• Lineage-specific assessment of residual disease could identify patients who can safely cease therapy

  • Detection of BCR::ABL1 DNA in granulocytes and T cells at TKI cessation is a better predictor of relapse than in total leukocytes

Chronic myeloid leukemia (CML) patients who are eligible for treatment-free remission (TFR) may still relapse after tyrosine kinase inhibitor (TKI) cessation. There is a need for accurate predictors of outcome to enable patients with a favorable profile to proceed while avoiding futile attempts. Sensitive detection of residual disease in total leukocytes at treatment cessation is associated with relapse, but is not highly discriminatory, likely because it is a composite measure of residual leukemia derived from different cell lineages whereas only some lineages are relevant for relapse.
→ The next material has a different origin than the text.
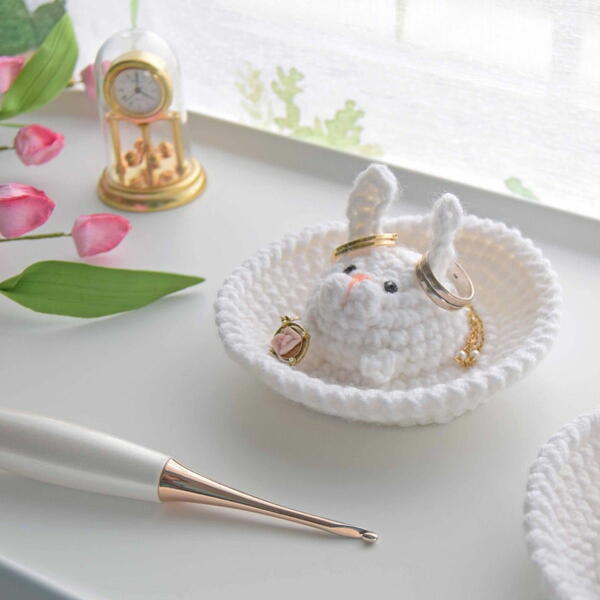 Amigurumi Bunny Ring Dish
We prospectively measured BCR::ABL1 DNA as a predictive yes/no binary test in five cellular fractions from 48 patients meeting conventional criteria for TKI discontinuation. The median BCR::ABL1 DNA level was higher in granulocytes and in T cells, but not in other lineages, in patients who relapsed. In the 40 patients undergoing a first TFR attempt we defined three groups with differing relapse risk: granulocytes-positive (100%), granulocytes-negative/T cells-positive (67%), and granulocytes-negative /T cells-negative (25%). These data show the critical importance of lineage-specific assessment of residual disease in the selection of patients who can attempt TFR with a high expectation of success, and concurrently defer patients who have a high probability of relapse.